I'm more of a buying rather than cooking type, so what makes my holiday beverage special is finding the best eggnog or hot chocolate ... somewhere
This year in Guatemala I've had lots of ponche de frutas ... sort of a hot cider with fruit in it such as pineapple, coconut, raisins, apples, prunes and tejocotes (pictured below). It usually has a piece of cinnamon bark in the cup.
The house where I stayed in Antigua last week said they made chocolate ponche. I had never heard of that before. The baseline recipe is similar to this one: chocolate, rum, milk, egg yolks, sugar. It sounds like chocolate eggnog, how good is that?
There are lots of elaborate recipes that include ingredients such as vanilla, cinnamon, star anise, nutmeg, condensed milk in addtion to the regular milk.

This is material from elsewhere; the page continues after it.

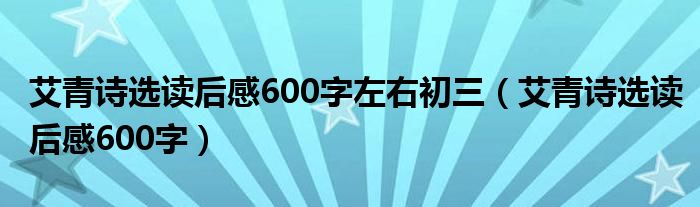艾青詩(shī)選讀后感600字左右初三（艾青詩(shī)選讀后感600字）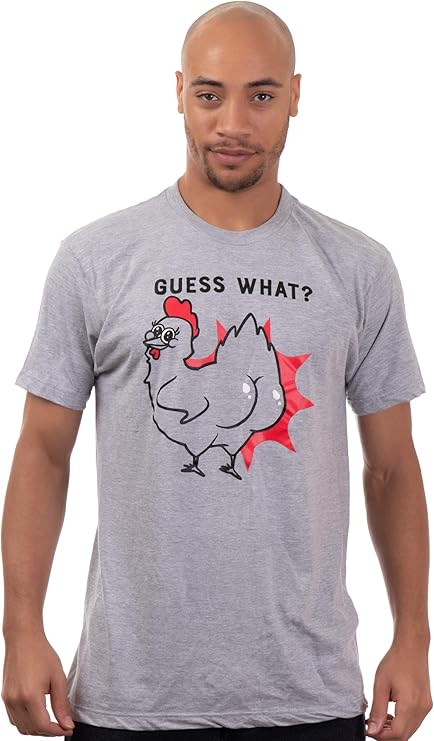 Guess What? Chicken Butt! | Funny Silly Sarcasm Joke Saying Sarcastic Humor Men T-Shirt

In Venezuela there's ponche crema which is served cold. Given it is summer south of the equator, that makes sense
So what's your drink of choice?
More photos of Guatemalan ponche in my Flickr photostream
i might be able to get behind the chocolate ponche. other than that, hot chocolate is really my only choice - all the others nauseate me after more than a sip or two.
I love mulled wine, hot red wine, a splash of brandy, sugar, cinnamon, cloves, orange slices with peel. It's real Guy Fawkes night for adults with hot dogs and baked beans and baked potatoes.
While I like spiced hot cider and mulled wine and even (wicked) hot chocolate, I must say that during the holiday season I am totally a sucker for both Coquito and Ponche de Crema. The former is Puerto Rican "eggnog" and the latter is Trinidadian "eggnog", both served cold.
When first reading your post, rworange, I thought perhaps Venezualen and Trini would be similar. But the description you linked to is nothing like the Trini eggnog I am used to. See Trini one here: http://www.trinigourmet.com/index.php... . And see Coquito here: http://allrecipes.com//Recipe/coquito... .
My sister will be bringing coquito for xmas eve and I can't wait!! Yum!!
Gluehwein (hot mulled wine, German-style) - preferably "mit Schuss!" (with a shot of rum or liquor in it to take the edge off the sweetness & give it a kick)...the last time I was in Munich in wintertime, we drank it at every Christkindlmarkt & Winterfest & it really kept us toasty!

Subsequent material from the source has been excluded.